Can anyone tell me what the difference is between the Hurst shifter used with a console, vs. one used without a console? I am restoring a '65 GTO, converting from automatic to Muncie 4-speed. I am putting in a console and will need a shifter that is compatible with the console. Any info would be a great help. thanks!


----------



## GTOJUNIOR (Aug 7, 2011)

The only STICK variations I'm aware of relate to seats. Bench Vs Bucket. 
The difference for Console cars Versus Non-Console is the Boot and Retainer.


----------



## geeteeohguy (Feb 2, 2008)

GTOJUNIOR said:


> The only STICK variations I'm aware of relate to seats.
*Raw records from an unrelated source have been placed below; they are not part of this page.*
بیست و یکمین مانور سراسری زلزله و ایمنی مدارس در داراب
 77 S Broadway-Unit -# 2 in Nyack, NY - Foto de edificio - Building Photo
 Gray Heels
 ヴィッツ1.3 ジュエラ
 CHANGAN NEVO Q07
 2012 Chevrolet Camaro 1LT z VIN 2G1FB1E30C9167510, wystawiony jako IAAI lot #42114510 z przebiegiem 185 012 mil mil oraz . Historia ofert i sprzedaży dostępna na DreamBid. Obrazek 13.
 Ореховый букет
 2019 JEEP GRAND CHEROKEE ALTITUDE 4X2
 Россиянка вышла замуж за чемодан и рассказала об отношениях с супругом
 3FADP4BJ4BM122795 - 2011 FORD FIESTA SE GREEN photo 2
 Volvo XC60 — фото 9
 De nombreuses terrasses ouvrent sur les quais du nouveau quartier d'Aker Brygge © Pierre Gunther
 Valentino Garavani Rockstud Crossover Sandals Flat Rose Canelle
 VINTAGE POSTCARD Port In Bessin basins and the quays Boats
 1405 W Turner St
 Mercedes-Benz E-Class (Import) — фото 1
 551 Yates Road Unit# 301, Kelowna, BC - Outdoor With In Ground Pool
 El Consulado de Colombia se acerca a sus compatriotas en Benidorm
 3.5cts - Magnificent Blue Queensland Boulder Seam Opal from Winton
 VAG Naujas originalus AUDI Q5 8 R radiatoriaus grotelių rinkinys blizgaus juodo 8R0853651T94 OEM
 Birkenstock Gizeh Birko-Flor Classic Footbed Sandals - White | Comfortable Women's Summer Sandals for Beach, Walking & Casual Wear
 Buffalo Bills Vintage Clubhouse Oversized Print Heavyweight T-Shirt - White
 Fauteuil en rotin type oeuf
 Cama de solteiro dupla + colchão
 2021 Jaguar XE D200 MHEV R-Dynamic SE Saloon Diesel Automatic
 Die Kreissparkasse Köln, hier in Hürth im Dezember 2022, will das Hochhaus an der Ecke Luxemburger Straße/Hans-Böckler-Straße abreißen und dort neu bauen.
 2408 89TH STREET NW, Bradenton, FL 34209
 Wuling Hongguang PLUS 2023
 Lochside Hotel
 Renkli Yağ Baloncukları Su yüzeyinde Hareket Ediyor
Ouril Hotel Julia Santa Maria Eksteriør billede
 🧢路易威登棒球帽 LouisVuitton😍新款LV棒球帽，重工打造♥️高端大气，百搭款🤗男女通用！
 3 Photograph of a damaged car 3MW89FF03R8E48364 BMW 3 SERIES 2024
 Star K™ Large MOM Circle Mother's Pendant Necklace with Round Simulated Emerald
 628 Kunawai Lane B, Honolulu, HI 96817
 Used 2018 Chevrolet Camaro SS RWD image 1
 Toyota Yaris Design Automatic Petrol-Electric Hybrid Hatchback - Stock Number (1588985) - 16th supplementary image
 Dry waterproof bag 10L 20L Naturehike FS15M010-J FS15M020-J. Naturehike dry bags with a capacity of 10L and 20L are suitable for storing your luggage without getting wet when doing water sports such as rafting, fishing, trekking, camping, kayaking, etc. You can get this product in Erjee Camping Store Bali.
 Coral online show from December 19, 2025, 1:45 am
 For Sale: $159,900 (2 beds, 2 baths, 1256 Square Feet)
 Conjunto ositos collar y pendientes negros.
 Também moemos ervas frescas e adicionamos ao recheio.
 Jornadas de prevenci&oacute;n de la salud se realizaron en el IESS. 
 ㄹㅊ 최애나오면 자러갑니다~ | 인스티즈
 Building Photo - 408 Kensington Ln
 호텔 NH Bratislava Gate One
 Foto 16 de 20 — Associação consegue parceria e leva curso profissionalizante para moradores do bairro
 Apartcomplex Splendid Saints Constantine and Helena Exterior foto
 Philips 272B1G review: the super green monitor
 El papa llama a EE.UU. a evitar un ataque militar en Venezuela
Bench Vs Bucket.
> The difference for Console cars Versus Non-Console is the Boot and Retainer.


This^^^. A correct '65 GTO shifter is a fairly straight and tall unit, and is designed (and used) for both applications. Only a rare bench car with no console has a different more aggressively curved shifter.


----------



## wishihaditback (Jun 9, 2011)

Since we're on the subject, my '65 4speed built w/o a console. I'm looking to add a console and see on ebay two types of the GM shifter tunnel pan (that screws to the hump). Pictures are attached of the two styles. The one in my car is the type with the smaller round hole. If i'm going console, do i need the other style that has more opening room, or does it not make a difference? Thanks for any input.


----------



## GTOJUNIOR (Aug 7, 2011)

65-66 With console this is the tunnel you need;
https://www.ebay.com/i/132675284240?chn=ps


----------



## wishihaditback (Jun 9, 2011)

Thanks for the pics and the ebay link. I'm guessing then that the tunnel pictured is the same for a non-console car. Thanks again.


----------



## geeteeohguy (Feb 2, 2008)

The shifter porch on the right with the small hole is a Pontiac-type part. The one with the big hole on the right is not part of any Pontiac I've ever seen. Not even close.


----------



## wishihaditback (Jun 9, 2011)

geeteeohguy said:


> The shifter porch on the right with the small hole is a Pontiac-type part. The one with the big hole on the right is not part of any Pontiac I've ever seen. Not even close.


Thanks for your input. I kinda figured the round hole might be the correct one. The other oblong one was on the ebay and stated it also was for a '65 goat. Always best to ask! Thanks again.


----------



## varmit86 (Nov 7, 2009)

If anyone is interested i have a muncie 4 tranmission low mile never been apart with bell housing, clutch and pressure plate, shifter all of it out of my early 66 GTO. Pricey but great virgin parts with correct numbers.


----------